▶ WHAT THIS TASK INVOLVES: A single figure is required: the number of lines in the data below that hold the word "Package".

▶ STORED DATA:
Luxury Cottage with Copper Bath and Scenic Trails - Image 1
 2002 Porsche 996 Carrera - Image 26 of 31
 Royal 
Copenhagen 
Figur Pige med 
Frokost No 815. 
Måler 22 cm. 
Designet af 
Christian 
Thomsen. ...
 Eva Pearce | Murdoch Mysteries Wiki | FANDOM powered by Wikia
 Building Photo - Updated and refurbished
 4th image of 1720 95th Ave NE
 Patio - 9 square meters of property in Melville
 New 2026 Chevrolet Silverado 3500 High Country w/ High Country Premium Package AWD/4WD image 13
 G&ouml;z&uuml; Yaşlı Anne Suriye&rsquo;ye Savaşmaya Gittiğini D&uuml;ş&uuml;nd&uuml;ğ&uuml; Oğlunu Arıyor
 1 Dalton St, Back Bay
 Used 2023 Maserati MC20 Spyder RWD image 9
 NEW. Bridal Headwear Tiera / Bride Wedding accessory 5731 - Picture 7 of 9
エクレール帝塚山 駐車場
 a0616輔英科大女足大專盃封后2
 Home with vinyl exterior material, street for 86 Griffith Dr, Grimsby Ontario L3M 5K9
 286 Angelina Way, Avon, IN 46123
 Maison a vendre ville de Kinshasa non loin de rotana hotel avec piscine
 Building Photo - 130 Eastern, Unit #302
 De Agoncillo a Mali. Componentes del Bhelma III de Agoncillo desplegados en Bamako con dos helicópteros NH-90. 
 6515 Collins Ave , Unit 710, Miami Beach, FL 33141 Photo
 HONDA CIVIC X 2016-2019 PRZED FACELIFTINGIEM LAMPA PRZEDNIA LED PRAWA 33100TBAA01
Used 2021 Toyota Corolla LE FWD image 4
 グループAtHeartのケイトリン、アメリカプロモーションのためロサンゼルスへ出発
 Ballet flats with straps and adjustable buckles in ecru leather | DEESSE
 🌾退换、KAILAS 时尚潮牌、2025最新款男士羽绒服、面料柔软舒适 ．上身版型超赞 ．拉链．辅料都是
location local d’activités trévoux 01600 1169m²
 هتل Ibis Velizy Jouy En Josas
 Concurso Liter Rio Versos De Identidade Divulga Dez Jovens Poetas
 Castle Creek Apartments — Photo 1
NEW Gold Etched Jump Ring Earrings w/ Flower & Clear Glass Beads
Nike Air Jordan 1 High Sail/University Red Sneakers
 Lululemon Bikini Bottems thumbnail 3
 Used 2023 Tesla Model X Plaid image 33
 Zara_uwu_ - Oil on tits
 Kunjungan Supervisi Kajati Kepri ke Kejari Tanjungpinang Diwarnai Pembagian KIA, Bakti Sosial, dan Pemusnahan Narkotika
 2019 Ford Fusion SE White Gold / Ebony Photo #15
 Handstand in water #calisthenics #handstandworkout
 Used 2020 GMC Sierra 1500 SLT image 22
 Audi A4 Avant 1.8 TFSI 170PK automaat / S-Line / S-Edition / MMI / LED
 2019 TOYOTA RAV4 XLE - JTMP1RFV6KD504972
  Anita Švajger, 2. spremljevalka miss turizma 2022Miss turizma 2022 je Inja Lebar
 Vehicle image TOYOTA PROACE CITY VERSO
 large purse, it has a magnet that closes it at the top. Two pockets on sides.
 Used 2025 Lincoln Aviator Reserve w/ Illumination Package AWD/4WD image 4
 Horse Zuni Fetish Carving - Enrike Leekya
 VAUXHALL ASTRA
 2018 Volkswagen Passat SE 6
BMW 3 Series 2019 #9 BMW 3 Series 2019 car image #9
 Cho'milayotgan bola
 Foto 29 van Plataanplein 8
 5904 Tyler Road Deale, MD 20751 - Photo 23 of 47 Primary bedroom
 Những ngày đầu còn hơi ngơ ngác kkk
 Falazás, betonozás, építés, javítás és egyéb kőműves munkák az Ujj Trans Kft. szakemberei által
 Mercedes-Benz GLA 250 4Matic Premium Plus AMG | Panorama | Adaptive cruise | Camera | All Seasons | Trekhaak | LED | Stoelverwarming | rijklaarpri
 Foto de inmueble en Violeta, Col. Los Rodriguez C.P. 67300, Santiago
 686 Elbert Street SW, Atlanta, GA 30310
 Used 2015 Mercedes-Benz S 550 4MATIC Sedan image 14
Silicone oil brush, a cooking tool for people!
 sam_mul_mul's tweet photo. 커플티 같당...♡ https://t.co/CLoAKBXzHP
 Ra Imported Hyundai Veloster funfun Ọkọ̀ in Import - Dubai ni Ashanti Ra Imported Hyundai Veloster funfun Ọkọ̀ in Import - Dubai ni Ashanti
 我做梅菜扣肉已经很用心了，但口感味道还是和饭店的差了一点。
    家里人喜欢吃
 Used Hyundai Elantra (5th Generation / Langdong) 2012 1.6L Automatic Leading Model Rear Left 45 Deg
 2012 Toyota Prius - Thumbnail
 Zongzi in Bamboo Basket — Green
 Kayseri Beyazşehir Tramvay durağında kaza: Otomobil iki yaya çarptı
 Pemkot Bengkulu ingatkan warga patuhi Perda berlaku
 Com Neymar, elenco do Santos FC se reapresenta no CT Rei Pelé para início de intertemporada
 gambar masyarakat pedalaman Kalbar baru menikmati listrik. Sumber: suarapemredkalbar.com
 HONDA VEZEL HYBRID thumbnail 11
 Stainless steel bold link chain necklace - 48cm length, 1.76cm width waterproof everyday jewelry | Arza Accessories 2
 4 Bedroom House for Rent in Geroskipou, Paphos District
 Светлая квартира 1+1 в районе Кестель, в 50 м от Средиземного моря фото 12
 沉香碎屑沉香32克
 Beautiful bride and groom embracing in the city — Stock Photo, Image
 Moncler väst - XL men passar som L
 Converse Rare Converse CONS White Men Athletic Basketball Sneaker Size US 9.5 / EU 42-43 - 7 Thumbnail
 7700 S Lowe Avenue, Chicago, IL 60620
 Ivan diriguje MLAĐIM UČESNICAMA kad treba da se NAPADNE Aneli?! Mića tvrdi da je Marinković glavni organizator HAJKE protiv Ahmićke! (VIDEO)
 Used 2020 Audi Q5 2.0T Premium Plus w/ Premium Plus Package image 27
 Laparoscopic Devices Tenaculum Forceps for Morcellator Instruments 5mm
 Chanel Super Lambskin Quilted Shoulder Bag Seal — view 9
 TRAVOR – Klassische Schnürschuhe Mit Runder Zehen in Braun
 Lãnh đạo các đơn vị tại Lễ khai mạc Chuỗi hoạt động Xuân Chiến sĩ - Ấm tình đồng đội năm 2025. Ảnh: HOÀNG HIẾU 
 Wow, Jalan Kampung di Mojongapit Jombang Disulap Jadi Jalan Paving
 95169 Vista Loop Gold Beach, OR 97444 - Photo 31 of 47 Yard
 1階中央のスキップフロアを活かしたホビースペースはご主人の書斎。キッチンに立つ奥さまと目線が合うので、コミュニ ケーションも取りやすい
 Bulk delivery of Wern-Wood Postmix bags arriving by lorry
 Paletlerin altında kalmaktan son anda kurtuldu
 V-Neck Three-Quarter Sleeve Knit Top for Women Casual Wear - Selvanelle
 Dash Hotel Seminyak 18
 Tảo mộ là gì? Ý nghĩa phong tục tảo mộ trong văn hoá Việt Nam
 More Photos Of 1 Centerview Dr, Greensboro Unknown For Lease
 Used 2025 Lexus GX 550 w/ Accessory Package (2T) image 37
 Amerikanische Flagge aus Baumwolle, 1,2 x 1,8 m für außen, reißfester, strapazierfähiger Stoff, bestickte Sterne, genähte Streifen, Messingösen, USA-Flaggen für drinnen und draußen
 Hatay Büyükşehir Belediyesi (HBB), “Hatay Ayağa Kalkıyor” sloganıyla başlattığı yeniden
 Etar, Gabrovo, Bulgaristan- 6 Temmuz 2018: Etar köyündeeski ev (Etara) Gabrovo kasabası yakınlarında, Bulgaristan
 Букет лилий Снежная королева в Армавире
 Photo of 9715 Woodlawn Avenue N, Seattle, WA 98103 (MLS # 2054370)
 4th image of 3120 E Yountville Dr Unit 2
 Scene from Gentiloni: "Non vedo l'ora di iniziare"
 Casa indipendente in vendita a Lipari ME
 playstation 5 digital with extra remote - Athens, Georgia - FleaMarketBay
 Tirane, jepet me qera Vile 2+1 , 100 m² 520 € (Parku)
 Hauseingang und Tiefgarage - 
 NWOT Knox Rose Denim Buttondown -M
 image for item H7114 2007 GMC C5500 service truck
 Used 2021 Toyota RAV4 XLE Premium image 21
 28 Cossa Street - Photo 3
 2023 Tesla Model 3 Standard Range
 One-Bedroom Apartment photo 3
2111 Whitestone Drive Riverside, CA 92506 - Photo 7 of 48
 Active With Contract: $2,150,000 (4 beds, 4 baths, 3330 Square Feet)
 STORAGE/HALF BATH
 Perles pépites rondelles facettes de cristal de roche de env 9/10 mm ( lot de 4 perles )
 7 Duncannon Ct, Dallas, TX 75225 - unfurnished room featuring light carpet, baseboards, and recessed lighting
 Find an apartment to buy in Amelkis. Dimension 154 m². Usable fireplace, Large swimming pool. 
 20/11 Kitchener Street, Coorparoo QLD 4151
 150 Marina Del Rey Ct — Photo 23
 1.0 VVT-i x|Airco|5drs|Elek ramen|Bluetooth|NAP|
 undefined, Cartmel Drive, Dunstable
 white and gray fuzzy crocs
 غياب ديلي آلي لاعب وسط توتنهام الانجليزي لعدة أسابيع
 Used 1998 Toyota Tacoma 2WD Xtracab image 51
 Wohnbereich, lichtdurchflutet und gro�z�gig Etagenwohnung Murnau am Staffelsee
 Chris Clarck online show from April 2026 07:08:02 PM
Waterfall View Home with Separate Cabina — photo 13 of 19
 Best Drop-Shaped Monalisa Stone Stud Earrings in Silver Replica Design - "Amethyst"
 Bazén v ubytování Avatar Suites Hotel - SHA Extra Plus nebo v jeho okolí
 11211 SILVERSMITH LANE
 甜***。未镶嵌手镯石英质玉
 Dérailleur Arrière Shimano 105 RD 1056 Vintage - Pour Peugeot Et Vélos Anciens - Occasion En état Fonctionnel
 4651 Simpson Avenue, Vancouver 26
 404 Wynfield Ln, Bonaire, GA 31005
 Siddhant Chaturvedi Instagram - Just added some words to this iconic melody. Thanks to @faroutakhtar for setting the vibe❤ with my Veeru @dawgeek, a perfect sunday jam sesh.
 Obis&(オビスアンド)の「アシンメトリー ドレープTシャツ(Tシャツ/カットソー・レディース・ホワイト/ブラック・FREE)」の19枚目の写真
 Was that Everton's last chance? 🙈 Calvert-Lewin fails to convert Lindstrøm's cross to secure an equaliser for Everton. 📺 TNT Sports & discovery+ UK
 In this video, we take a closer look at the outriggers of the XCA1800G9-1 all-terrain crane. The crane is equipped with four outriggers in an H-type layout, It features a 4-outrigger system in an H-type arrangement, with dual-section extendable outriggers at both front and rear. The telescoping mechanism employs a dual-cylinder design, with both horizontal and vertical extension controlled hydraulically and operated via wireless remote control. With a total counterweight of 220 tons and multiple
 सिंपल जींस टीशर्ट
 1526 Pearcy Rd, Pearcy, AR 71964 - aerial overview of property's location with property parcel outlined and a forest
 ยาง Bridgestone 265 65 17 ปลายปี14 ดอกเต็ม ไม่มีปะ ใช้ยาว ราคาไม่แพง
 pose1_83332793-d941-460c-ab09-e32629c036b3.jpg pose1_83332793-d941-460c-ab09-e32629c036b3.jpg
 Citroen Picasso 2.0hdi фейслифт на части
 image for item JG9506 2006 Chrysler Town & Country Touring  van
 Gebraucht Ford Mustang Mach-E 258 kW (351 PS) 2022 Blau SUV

▶ RESPONSE TO THIS EXERCISE: 4